Collected material:
[Start of section]

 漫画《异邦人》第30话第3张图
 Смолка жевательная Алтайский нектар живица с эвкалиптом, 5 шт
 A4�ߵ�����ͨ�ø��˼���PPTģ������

[End of section]

Task requirements:
Retype the material above, character for character.

Response to the exercise:
 漫画《异邦人》第30话第3张图
 Смолка жевательная Алтайский нектар живица с эвкалиптом, 5 шт
 A4�ߵ�����ͨ�ø��˼���PPTģ������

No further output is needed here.